The lanl halo finder is included in the standard distributions of the PARAVIEW13 package, enabling researchers to combine analysis and visualization of their simulations.

C13 mendieta

The mendieta subhaloes finder is based on the FoF algorithm which is successively applied using a shorter linking length with the aim of finding the substructures. The mendieta algorithm involves 1 + Ns steps, the first of which consists in the identification of DM haloes by applying the FoF algorithm with a linking length LFoF, whereas the remaining Ns steps are used to find the corresponding substructures. The two free parameters are the initial linking length LFoF and the number of steps Ns. In each of Ns steps, the linking length is reduced by a factor 1/(1 + Ns). The standard choice for the LFoF parameter is 0.2 times the mean interparticle separation, whereas for the Ns parameter a value of 9 is the recommended option. It is worth mentioning that the value of Ns fixes the hierarchy of substructures that can be found.

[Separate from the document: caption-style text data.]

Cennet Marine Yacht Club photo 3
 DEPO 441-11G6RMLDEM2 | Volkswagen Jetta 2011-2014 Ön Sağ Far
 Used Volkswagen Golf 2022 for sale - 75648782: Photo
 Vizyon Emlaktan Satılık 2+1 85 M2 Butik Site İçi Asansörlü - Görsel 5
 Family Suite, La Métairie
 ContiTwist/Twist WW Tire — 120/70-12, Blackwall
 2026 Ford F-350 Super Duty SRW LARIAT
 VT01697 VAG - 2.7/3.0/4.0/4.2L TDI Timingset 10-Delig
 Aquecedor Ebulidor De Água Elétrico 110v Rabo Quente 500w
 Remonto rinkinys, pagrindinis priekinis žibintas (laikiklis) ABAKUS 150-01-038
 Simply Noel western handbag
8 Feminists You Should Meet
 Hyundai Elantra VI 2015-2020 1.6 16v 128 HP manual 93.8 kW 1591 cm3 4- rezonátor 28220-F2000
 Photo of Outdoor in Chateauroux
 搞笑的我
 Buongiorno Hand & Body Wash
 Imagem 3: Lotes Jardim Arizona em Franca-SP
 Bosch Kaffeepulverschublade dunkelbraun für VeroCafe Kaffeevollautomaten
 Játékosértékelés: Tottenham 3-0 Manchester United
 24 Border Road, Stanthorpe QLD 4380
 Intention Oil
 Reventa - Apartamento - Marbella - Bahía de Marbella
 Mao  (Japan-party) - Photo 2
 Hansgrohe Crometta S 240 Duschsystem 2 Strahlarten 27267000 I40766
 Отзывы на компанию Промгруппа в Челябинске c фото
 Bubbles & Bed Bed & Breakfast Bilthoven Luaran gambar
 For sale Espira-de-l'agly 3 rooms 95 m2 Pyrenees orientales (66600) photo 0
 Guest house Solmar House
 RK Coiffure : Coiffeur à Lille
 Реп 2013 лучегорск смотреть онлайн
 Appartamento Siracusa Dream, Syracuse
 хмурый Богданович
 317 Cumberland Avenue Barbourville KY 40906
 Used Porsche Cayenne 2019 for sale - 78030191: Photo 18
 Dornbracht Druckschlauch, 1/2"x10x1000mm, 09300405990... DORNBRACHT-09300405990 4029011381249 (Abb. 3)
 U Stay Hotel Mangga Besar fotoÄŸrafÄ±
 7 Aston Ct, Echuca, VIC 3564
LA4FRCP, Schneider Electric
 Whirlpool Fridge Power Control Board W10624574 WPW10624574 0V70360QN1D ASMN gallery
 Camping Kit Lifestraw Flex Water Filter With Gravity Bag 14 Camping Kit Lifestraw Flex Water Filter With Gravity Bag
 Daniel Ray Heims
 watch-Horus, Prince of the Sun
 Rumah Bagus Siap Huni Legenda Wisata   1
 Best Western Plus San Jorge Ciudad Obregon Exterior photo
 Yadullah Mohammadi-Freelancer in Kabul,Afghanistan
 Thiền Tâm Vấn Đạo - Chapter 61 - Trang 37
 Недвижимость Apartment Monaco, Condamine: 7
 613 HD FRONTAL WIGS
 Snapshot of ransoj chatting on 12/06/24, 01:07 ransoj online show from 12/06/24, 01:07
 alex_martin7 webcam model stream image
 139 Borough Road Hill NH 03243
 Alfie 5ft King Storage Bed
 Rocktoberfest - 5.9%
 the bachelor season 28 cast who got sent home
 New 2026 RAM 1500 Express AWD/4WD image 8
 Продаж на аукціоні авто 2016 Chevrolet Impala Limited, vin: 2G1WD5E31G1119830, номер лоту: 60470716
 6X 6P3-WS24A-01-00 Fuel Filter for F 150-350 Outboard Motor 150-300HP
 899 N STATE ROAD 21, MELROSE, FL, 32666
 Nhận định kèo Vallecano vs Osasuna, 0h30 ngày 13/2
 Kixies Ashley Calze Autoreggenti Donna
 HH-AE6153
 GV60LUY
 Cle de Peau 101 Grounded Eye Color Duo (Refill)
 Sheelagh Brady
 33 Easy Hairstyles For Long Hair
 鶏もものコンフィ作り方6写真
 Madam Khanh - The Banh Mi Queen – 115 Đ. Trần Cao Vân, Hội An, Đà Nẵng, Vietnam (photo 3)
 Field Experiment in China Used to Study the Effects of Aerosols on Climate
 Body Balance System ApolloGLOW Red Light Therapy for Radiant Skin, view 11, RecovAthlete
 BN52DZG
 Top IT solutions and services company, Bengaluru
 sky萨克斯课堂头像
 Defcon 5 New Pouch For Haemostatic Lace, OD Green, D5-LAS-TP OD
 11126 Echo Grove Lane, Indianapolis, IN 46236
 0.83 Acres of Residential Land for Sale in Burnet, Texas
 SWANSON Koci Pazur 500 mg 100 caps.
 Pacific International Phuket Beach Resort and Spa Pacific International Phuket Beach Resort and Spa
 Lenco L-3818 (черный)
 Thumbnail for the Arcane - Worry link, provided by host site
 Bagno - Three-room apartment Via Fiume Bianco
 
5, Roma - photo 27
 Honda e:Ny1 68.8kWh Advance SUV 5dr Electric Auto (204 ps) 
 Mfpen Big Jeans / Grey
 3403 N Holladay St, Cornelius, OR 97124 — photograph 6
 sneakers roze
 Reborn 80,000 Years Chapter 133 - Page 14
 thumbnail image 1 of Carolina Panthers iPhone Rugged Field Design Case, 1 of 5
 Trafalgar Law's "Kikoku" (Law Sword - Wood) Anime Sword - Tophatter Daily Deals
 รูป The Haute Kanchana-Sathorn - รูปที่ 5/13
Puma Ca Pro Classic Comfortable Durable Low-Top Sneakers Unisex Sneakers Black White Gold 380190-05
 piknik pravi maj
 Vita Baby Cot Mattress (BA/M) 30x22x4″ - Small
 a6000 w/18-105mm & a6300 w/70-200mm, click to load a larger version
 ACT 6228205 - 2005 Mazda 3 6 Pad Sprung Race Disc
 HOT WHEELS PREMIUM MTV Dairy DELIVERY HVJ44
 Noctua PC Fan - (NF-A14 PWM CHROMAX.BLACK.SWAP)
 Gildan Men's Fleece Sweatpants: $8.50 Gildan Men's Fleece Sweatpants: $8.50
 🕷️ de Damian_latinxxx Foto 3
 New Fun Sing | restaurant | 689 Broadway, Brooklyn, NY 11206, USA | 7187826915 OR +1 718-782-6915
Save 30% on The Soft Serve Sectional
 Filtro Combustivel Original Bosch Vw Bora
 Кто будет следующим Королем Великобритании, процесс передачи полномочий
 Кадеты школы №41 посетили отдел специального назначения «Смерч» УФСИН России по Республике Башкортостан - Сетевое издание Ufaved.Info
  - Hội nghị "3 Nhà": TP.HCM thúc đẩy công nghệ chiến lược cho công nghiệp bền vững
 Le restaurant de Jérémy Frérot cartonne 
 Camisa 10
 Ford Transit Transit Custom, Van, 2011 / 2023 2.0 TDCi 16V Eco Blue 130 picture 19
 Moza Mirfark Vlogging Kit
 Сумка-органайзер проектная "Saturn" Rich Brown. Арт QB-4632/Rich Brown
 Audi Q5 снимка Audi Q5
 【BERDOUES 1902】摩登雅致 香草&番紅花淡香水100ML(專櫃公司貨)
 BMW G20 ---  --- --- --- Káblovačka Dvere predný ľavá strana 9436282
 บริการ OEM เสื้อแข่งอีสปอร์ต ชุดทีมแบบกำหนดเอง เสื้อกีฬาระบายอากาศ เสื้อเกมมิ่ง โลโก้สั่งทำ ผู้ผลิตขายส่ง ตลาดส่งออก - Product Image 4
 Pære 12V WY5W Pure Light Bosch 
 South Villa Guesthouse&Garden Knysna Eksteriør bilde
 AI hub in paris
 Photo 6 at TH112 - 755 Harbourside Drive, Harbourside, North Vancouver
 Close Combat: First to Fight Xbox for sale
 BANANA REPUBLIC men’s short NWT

In order to explain the algorithm, let A be the set of (sub)haloes identified in the step i − 1. The first part of the ith step consists in applying an FoF identification with a linking length equal to i/(1 + Ns). As result, in general a (sub)halo of A is decomposed into two or more fragments: a main substructure, a set of smaller substructures and a set of unlinked particles. Once the identification has been carried out, an unbinding procedure is applied over each (sub)halo of A. With this purpose, all unlinked particles are associated with the main substructure. For each small substructure, all unbounded particles are identified as those with positive total energy (potential and kinetic energy). The potential energy of one particle is computed by considering the gravitational interaction of the particle itself with the rest of the substructure particles added to its own potential energy. The kinetic energy is calculated with respect to the velocity of the centre of mass of the substructure summed to the Hubble flow. The latter operation is performed assuming that the centre of the (sub)halo is located at the position of the most bounded particle (that one with more negative potential energy). These particles are removed from their host substructure and assigned to the main one. The last part of this step consists in applying the same unbinding algorithm to the main substructure. In this case, all unbounded particles are marked as free particles and linked with no substructure.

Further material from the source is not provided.